### What this task involves
Taking the line that contains "Federica Federici non" as the first and the final line of the records as the last, write out every line between them exactly, ends included, and nothing else.

╭─ Available data

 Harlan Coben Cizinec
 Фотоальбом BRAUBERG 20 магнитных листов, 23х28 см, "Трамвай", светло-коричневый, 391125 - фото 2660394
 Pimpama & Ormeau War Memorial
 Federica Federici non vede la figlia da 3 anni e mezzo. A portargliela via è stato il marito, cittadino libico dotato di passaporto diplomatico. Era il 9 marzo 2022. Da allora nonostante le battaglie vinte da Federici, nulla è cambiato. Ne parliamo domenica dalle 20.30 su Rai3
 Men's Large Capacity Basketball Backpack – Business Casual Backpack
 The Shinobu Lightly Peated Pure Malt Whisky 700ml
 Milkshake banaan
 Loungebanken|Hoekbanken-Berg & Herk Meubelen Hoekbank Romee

╰─

### Exercise answer
 Federica Federici non vede la figlia da 3 anni e mezzo. A portargliela via è stato il marito, cittadino libico dotato di passaporto diplomatico. Era il 9 marzo 2022. Da allora nonostante le battaglie vinte da Federici, nulla è cambiato. Ne parliamo domenica dalle 20.30 su Rai3
 Men's Large Capacity Basketball Backpack – Business Casual Backpack
 The Shinobu Lightly Peated Pure Malt Whisky 700ml
 Milkshake banaan
 Loungebanken|Hoekbanken-Berg & Herk Meubelen Hoekbank Romee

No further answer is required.